▶ [TASK ITEM]
Would you transcribe word for word every line from the one containing "Building icon vector logo design template" to the end of the data, both ends included, and leave out the rest?

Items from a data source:
-- Opening Marker --

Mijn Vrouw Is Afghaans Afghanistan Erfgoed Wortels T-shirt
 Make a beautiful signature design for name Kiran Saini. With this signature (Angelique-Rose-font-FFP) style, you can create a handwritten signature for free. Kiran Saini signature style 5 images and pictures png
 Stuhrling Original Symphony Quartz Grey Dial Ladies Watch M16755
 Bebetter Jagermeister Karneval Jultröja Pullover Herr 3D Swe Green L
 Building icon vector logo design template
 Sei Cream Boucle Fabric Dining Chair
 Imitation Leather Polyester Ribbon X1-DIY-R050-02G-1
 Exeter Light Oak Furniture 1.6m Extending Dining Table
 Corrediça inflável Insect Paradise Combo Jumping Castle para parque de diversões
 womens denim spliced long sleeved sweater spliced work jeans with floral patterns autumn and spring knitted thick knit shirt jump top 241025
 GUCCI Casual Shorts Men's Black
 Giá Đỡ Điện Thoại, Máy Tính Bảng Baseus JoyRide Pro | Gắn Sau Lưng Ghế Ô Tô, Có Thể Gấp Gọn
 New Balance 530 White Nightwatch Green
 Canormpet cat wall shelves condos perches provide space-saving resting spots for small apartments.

-- Closing Marker --

▶ [EXERCISE RESPONSE]
 Building icon vector logo design template
 Sei Cream Boucle Fabric Dining Chair
 Imitation Leather Polyester Ribbon X1-DIY-R050-02G-1
 Exeter Light Oak Furniture 1.6m Extending Dining Table
 Corrediça inflável Insect Paradise Combo Jumping Castle para parque de diversões
 womens denim spliced long sleeved sweater spliced work jeans with floral patterns autumn and spring knitted thick knit shirt jump top 241025
 GUCCI Casual Shorts Men's Black
 Giá Đỡ Điện Thoại, Máy Tính Bảng Baseus JoyRide Pro | Gắn Sau Lưng Ghế Ô Tô, Có Thể Gấp Gọn
 New Balance 530 White Nightwatch Green
 Canormpet cat wall shelves condos perches provide space-saving resting spots for small apartments.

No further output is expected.